Risk management is ongoing. Risks change in a changing environment. Good risk management places emphasis on monitoring and reviewing all current organisational plans, strategies systems and controls.

Monitoring ensures that as risks change, new measures are introduced to control these risks. How often risks are monitored and reviewed will depend on the prevailing circumstances.

The Department of Natural Resources & Environment suggest that 'to support the risk management system at the business unit and organisational level, it is necessary to have a process of monitoring and review in place at the risk management and risk treatment plan levels.

This ensures that the summarised information presented to senior personnel is accurate, complete and based on the latest available data.

Ongoing review is required to ensure that management and treatment plans remain relevant. Factors impacting upon risk assessments and control practices can also change and therefore the risk management cycle should be repeated at regular intervals to ensure continued effective risk management.

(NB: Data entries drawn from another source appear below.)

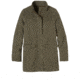 prAna Trip Jacket - Women's-Cargo Green-Small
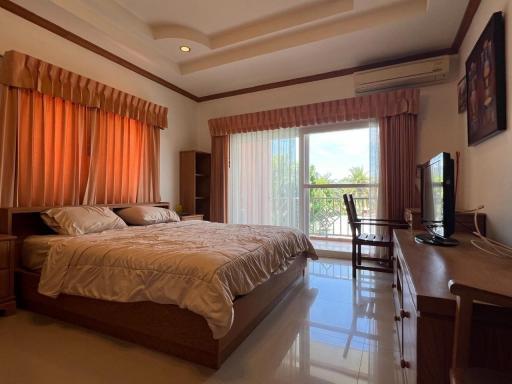 4Beds House in South Pattaya  for Sale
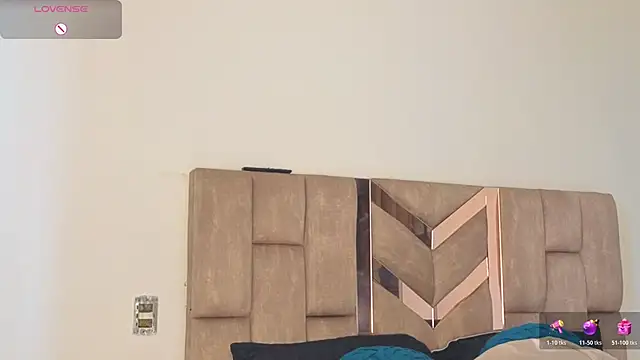 KloheCurvy online show from 04/13/26, 01:27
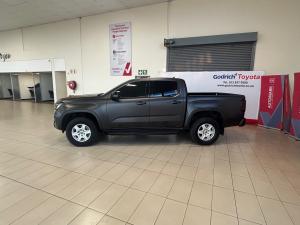 Volkswagen Amarok 2.0TDI double cab Life 4Motion auto - Image 19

There are methods for monitoring and reviewing procedures and these should be determined as part of the management plan.

• self assessment
• physical inspections
• checking and monitoring success of actions
• audit and reassessment of risk to achieving specified objectives
• key dates, timeframes and deadlines for commencement and communications, monitoring, reporting and review should also be part of the plan

As part of the monitoring process, Australia/NZS 4360:1999 suggests that 'the risk management monitoring and review process should be aligned to the objectives and values of the organisation. This will ensure the relevance of the risk management program for delivering solutions that relate to critical organisational performance. For example:

• Are the risk management program objectives aligned with organisational performance objectives and values?
• Are the risk management program outcomes measurable in these terms?
• Can you determine if the risk management program has generated value for the organisation?
• Can you report information concisely and clearly?
• Does the risk management program reflect the realities of the environment in which you operate?
• Would you make a decision to expand or contract the risk management program based on this information?

The review process should also integrate with the key performance indicators of the organisation. The risk management plan should link to personal performance and key drivers and make sure they are measurable at all levels of the organisation. The monitoring and review process should ensure that effective risk management programs are those that deliver cost effective risk outcomes and reflect the strategic and operational goals and objectives of the organisation.